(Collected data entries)
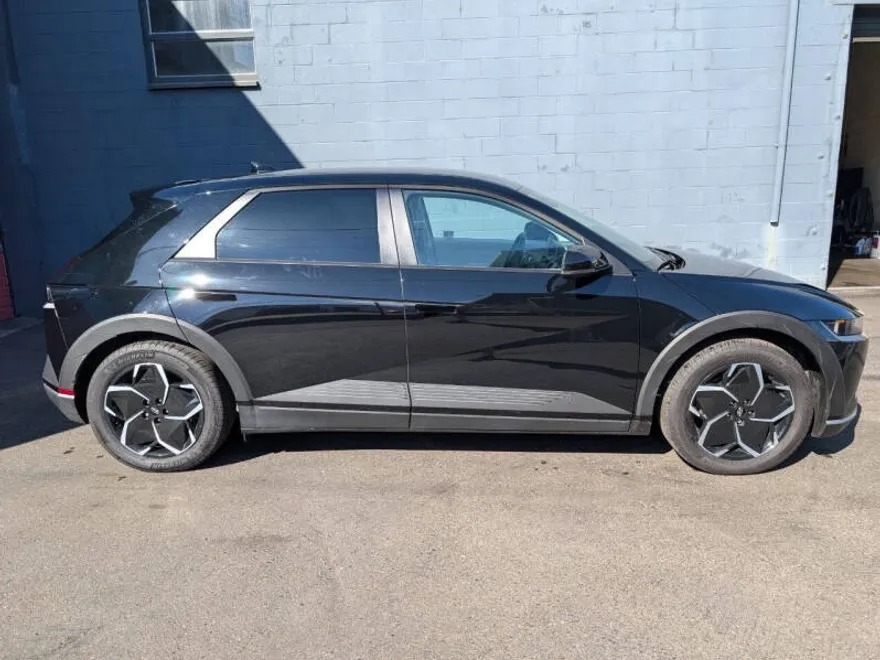 2024 Hyundai Ioniq 5 SEL photo 1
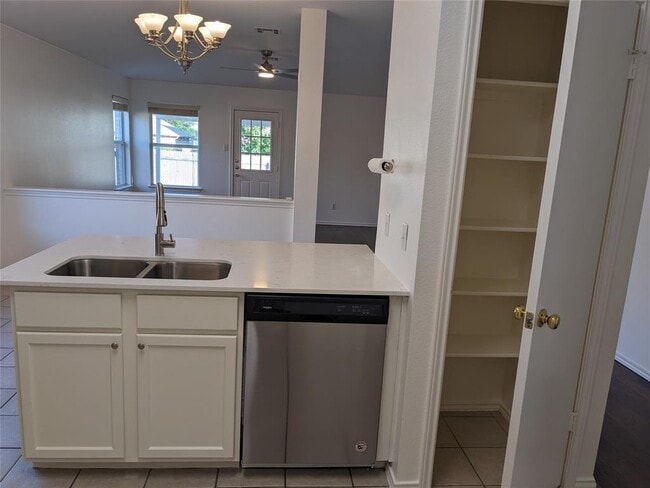 Photo - 600 McCarthur Dr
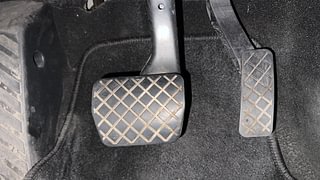 Used 2015 Skoda Octavia [2013-2017] Elegance 1.8 TSI AT Petrol Automatic interior PEDALS VIEW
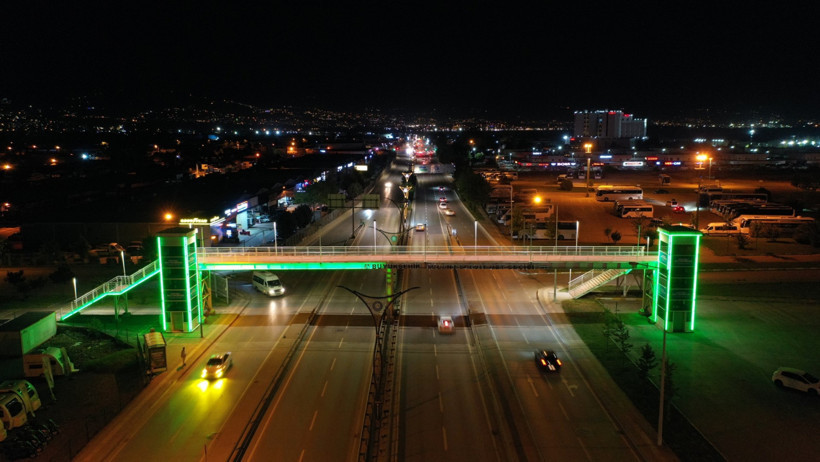 Kocaeli'de üst geçitler yeşil oldu - Resim : 1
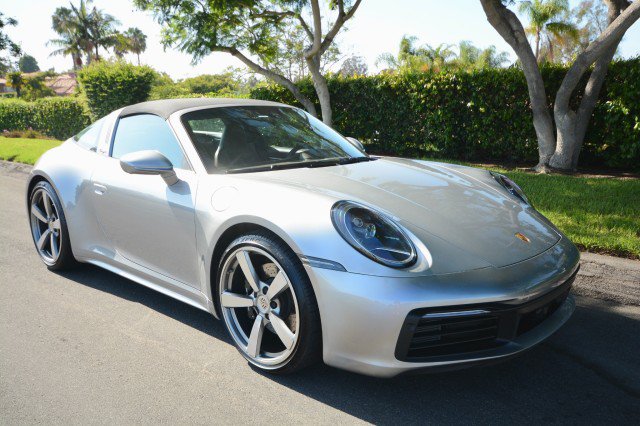 Used 2021 Porsche 911 AWD/4WD image 11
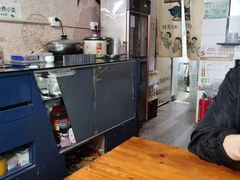 大堂-荣荣面馆(丹溪大道店)
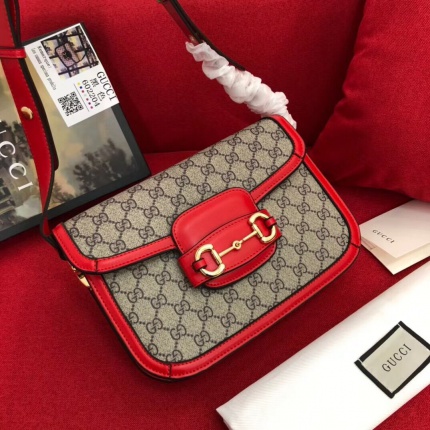 Gucci AAA Quality Hangbags in 128950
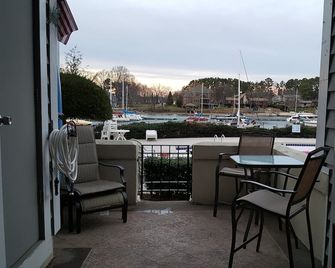 Lake Norman 1st Floor Condo In Cornelius - Cornelius - Balcony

#### What you need to do
Start with the line that holds "Kocaeli'de üst geçitler" and retype each line through the last one in the data, exactly and without pictures.

#### Your response
 Kocaeli'de üst geçitler yeşil oldu - Resim : 1
 Used 2021 Porsche 911 AWD/4WD image 11
 大堂-荣荣面馆(丹溪大道店)
 Gucci AAA Quality Hangbags in 128950
 Lake Norman 1st Floor Condo In Cornelius - Cornelius - Balcony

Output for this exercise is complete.